▶ [PROBLEM DESCRIPTION]
From the entries below, print exactly the span beginning with the line holding "6-inch Snoopy Plush" and ending with the line holding "Image showing Woman, studio", endpoints included, and skip any pictures.

▶ [EXERCISE MATERIAL]
-*-

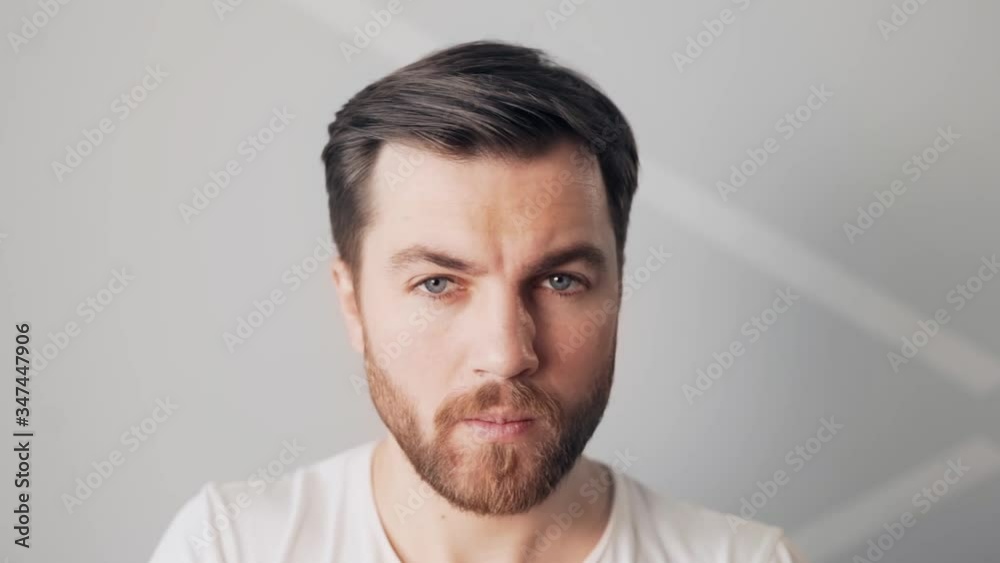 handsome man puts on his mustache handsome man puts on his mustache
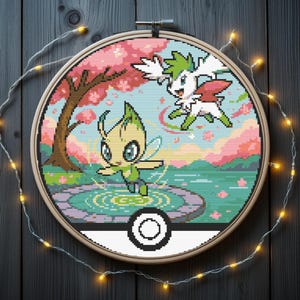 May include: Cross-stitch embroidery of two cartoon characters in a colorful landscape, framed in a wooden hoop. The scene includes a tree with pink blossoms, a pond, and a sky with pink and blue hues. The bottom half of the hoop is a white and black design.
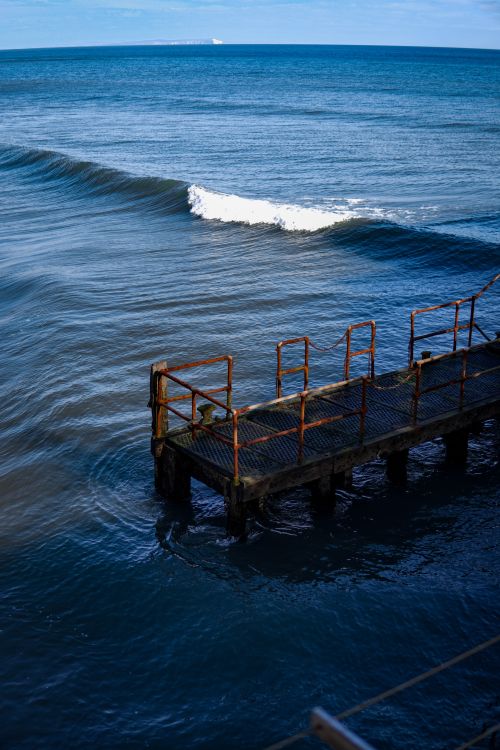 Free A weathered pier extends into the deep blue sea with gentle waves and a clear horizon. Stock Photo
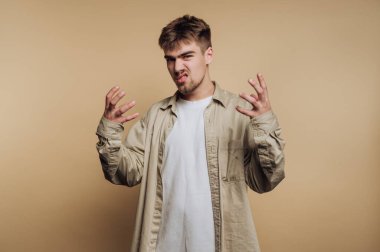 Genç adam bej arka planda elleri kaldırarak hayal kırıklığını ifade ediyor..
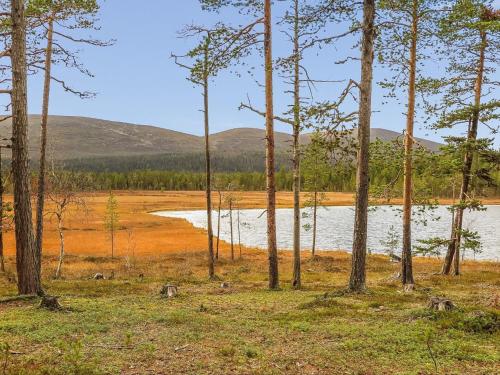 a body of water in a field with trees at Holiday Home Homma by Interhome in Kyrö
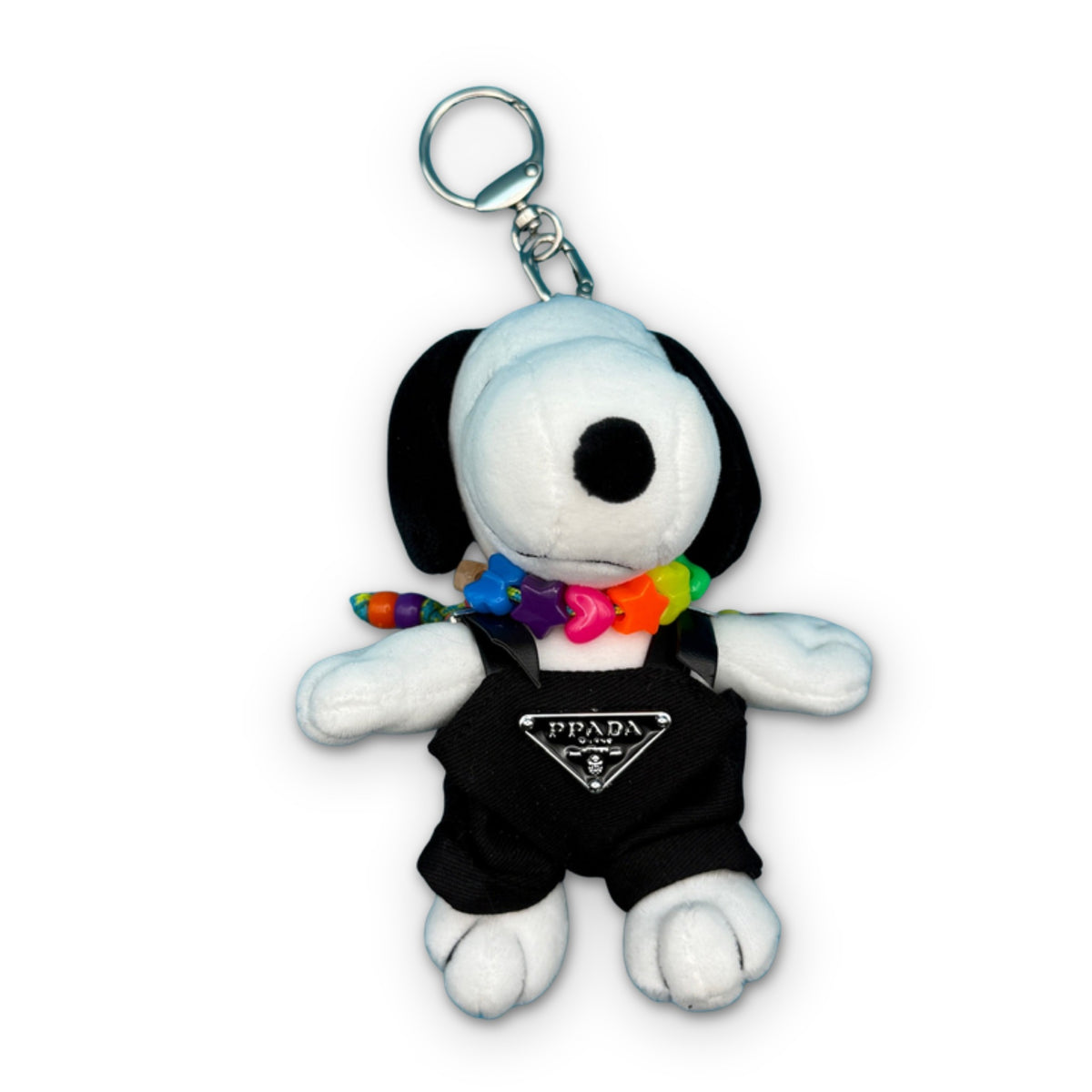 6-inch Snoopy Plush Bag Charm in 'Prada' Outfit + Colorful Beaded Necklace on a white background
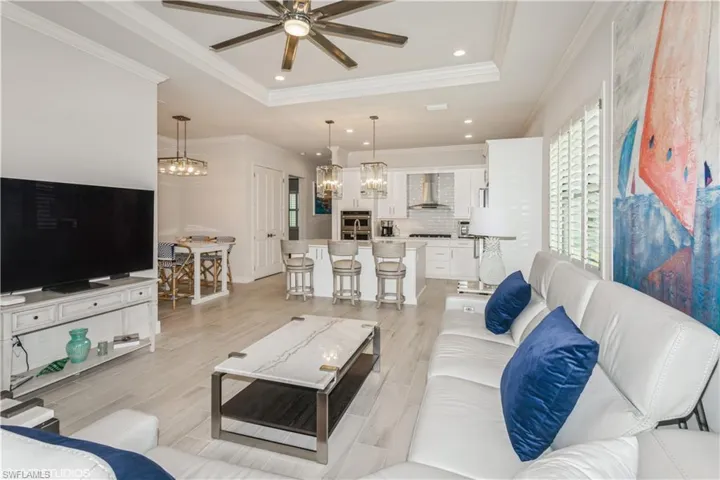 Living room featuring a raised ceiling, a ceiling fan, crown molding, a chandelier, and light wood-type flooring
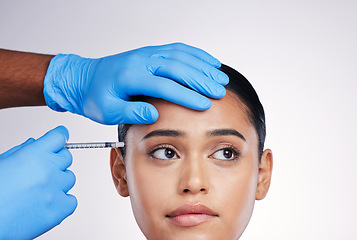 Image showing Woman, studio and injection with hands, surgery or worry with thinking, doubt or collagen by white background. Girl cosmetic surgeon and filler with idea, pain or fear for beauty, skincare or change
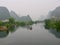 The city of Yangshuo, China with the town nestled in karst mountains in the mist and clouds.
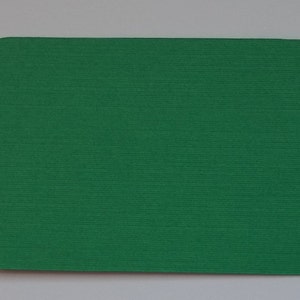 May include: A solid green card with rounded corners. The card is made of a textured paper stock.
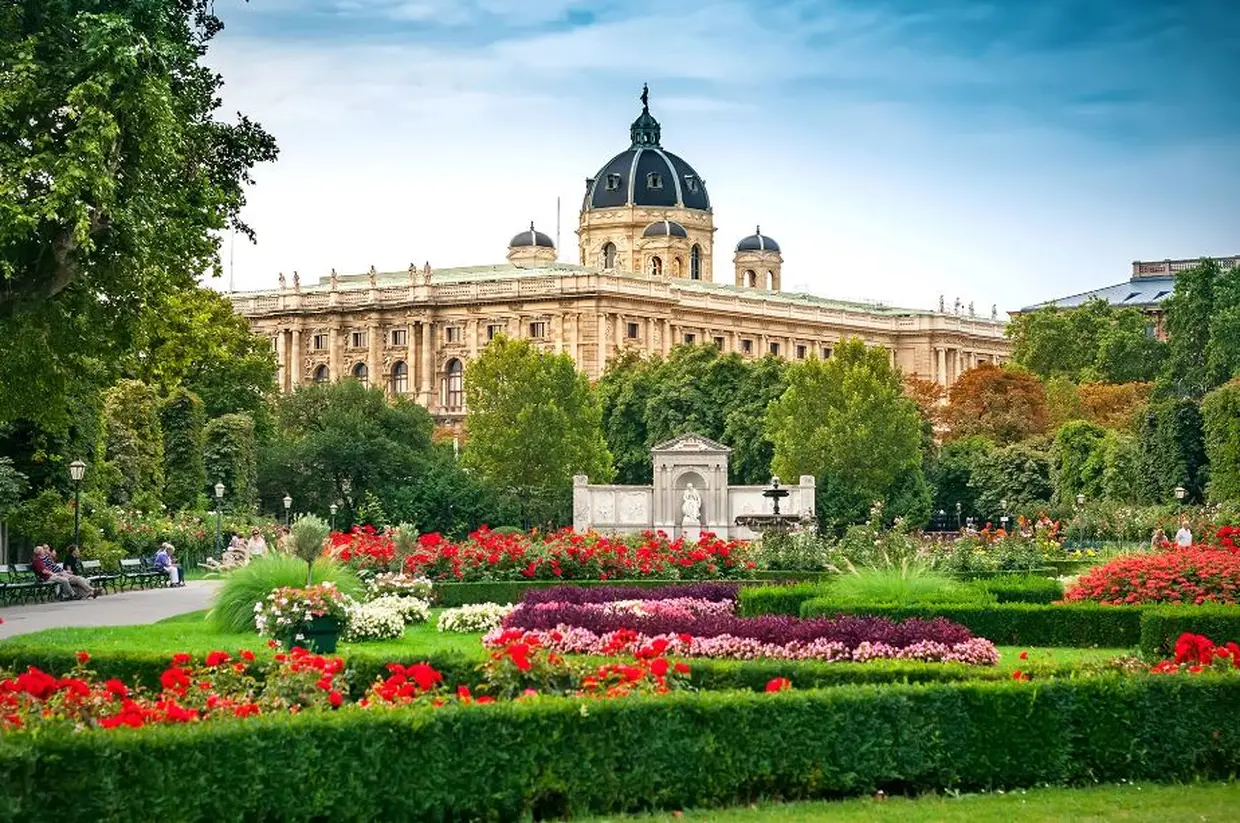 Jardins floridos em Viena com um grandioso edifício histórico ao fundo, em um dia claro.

-*-

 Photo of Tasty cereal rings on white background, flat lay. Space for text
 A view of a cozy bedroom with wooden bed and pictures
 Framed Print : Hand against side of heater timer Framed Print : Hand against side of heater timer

-*-

▶ [OUTPUT]
 6-inch Snoopy Plush Bag Charm in 'Prada' Outfit + Colorful Beaded Necklace on a white background
 Living room featuring a raised ceiling, a ceiling fan, crown molding, a chandelier, and light wood-type flooring
 Image showing Woman, studio and injection with hands, surgery or worry with thinking, doubt or collagen by white background. Girl cosmetic surgeon and filler with idea, pain or fear for beauty, skincare or change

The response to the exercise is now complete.